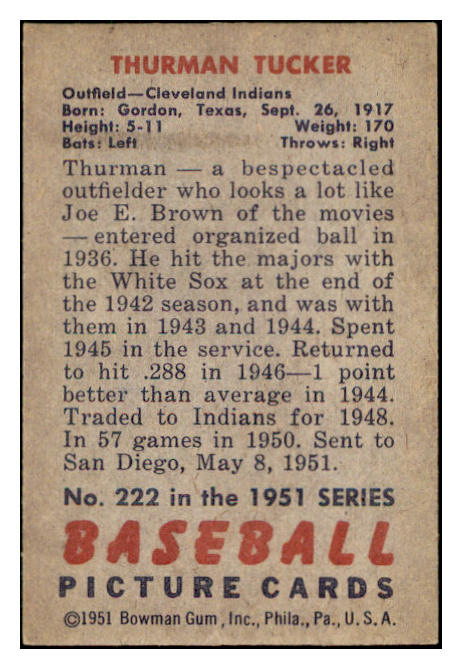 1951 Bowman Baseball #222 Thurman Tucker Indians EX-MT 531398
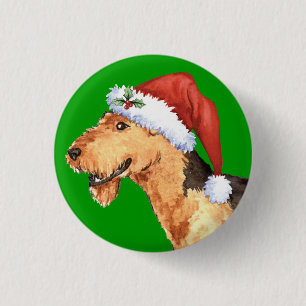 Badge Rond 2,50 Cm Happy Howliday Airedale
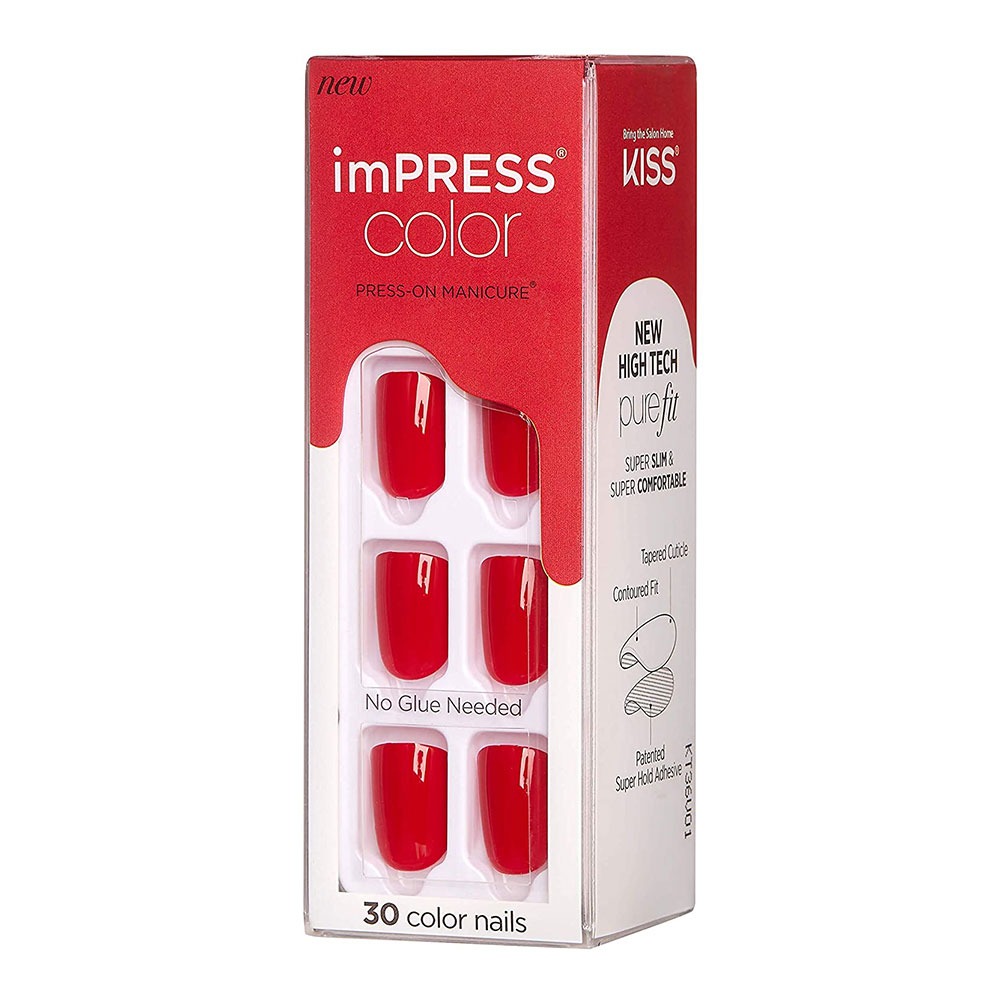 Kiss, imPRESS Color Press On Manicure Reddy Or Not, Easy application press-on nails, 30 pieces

§ What is required
Retype the entire listing exactly as it appears, dropping only the pictures.

§ Written response
 1951 Bowman Baseball #222 Thurman Tucker Indians EX-MT 531398
 Badge Rond 2,50 Cm Happy Howliday Airedale
 Kiss, imPRESS Color Press On Manicure Reddy Or Not, Easy application press-on nails, 30 pieces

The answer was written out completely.